Vingt ans après des crimes odieux commis en République Démocratique du Congo, plusieurs voix se lèvent et réclament que justice soit faite. C’est le cas de la Fondation Panzi du Nobel congolais 2018, le Dr Mukwege qui a toujours  soutenu qu’il n’y a pas de paix sans justice.

La Fondation Panzi à travers le «programme Chemin de la paix» veut lancer une campagne médiatique et de plaidoyer afin de réclamer que justice soit faite pour les victimes et que désormais cesse toute impunité.

Plusieurs couches de la population ont été sensibilisées pour cette fin. Les groupes des experts, des jeunes, des femmes et autres ont été édifiés  pour qu’ils soient impliqués et accompagnent la campagne.

Cette campagne vise à interpeller, à amener l’opinion tant nationale  qu’internationale à réclamer la justice sur les crimes graves des violations des droits de l’homme et de droit international humanitaire commis en RDC durant les  vingt dernières années. Elle vise également de faire connaître la vision du Prix Nobel de la Paix 2018 qui combat pour une paix durable au Congo ; une paix qui passe avant tout par la justice et la vérité.

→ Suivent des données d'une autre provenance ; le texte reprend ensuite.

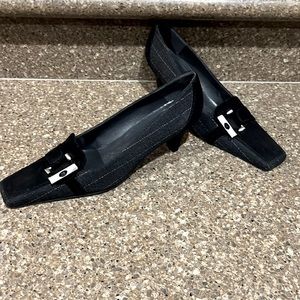 Stuart Weitzman Pumps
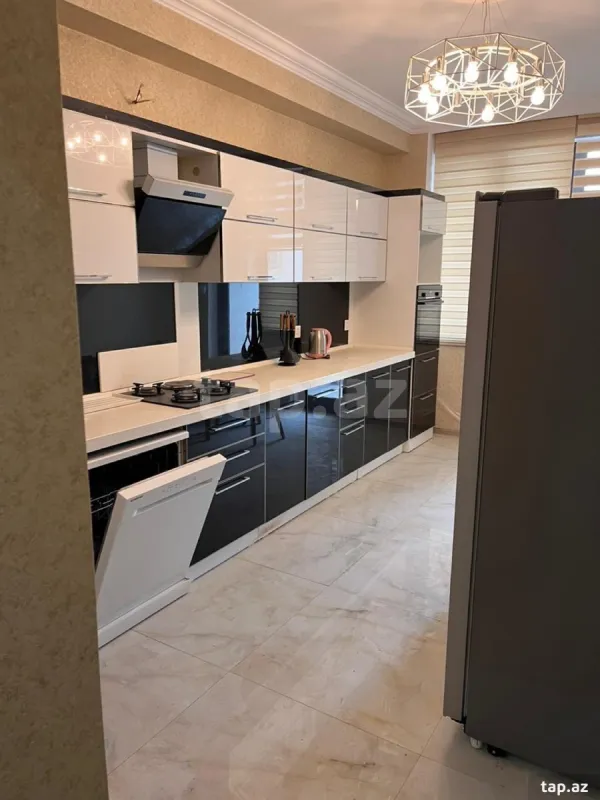 Satılır 4 otaqlı yeni tikili 190 m²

«Chemin de la Paix», ce programme de la Fondation Panzi pour la promotion de la justice et la réconciliation pour une paix durable va s’étendre sur toute l’étendue de la République dans l’option de rassembler tout le peuple au tour de la noble cause de justice.

Pour les trois mois qui suivent, la population sera informée sur les différents crimes et violations les plus graves commis en RDC à travers une forte campagne médiatique et de plaidoyer.

En se servant du Rapport Mapping, les organisateurs vont devoir le vulgariser d’abord à travers différents outils de communication (émission audiovisuelles, dépliants, tribunes d’expression populaires, conférences,…) puis réclamer avec la population et mêmes les victimes que ce dernier soit exploité.

Ce rapport qui a recensé au moins 617 crimes et élaborer des recommandations pour la sortie de la crise continue à moisir dans les tiroirs des Nations Unies et cela malgré les atrocités qui continuent à être commises dans le pays.

On ne peut donc prétendre parler réconciliation nationale  sans pour autant passer par la vérité, la justice, la réparation et la garantie de la non répétition insistent les organisateurs. Tels sont les quatre piliers de la justice transitionnelle.

Depuis quelques années, le Prix Nobel congolais de la Paix 2018 s’est investi dans la recherche de la paix durable au Congo mais une paix qui passe d’abord par la justice, la vérité, la réconciliation et la réparation.

Il l’a même  dit à Oslo l’an dernier quand il recevait le prestigieux Prix Nobel avec une l’Irakienne Nadia Murad «les habitants de mon pays ont désespérément besoin de la paix, mais comment construire la paix sur des fosses communes?, comment construire la paix sans réconciliation?, comment construire la paix sans justice?», avait-il dit.

Le docteur Mukwege a aussi dénoncé de voir qu’un rapport important dans la lutte contre l’impunité et la promotion de la justice continue à moisir dans un bureau à New-York. C’est le Rapport Mapping. Il doit être révélé et les noms des auteurs aussi.